A médica de família ia duas vezes por semana, para ver como estava a evolução das feridas. Saíu do hospital a 12 de fevereiro e a médica declarou-a curada a 26 de Julho. E durante esse tempo sempre foi lá 2 vezes por semana. Por isso é que eu digo que embora estejamos no mesmo país, neste caso não parece.
Um abraço ás duas
Franky
Falamos dos velhos? Dos menos novos? daqueles que constituem um fardo? Dos que uma mísera pensão de invalidez ou de reforma nem dá para o sustento?
Ou, simplesmente, falamos deste país, pequenino mas que já foi grande, onde a sobranceria de uns afecta sobremaneira a pobreza de outros?
E fico-me por aqui.
Um beijinho e as melhoras da tua mais que tudo...
Olá Elvira
Realmente este país tem múltiplas facetas. Há os que encravam o sistema. Desde que a vida para eles corra às mil maravilhas tudo o resto não interessa. A cunha, os amigos e o compadrio cada vez se nota mais.
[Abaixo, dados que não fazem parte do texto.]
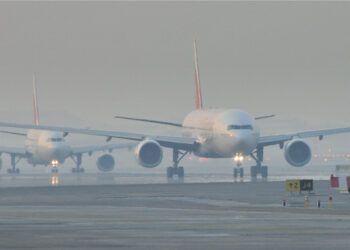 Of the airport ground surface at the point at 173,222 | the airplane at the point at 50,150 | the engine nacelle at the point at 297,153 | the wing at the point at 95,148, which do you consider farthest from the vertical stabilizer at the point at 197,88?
the airport ground surface at the point at 173,222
O deixa andar. O não te rales. E depois sabes o que eu noto? A velhice para a maioria está muito longe e não querem e nem gostam de falar ou pensar nela. Depois logo se vê.
E o povo vai-se "desenrascando"! E nada se prevê, e nada se acautela. É um futuro sem projectos, como se não tivemos amanhã!
Beijinho
Olá Repórter
Falamos dos velhos, dos nossos velhos e falamos também de nós num futuro demasiado próximo. E falamos também deste País que não olha para eles, não lhes acode, não os protege, não os defende, não os agasalha e não os ama.
Obrigada amigo e um grande beijinho.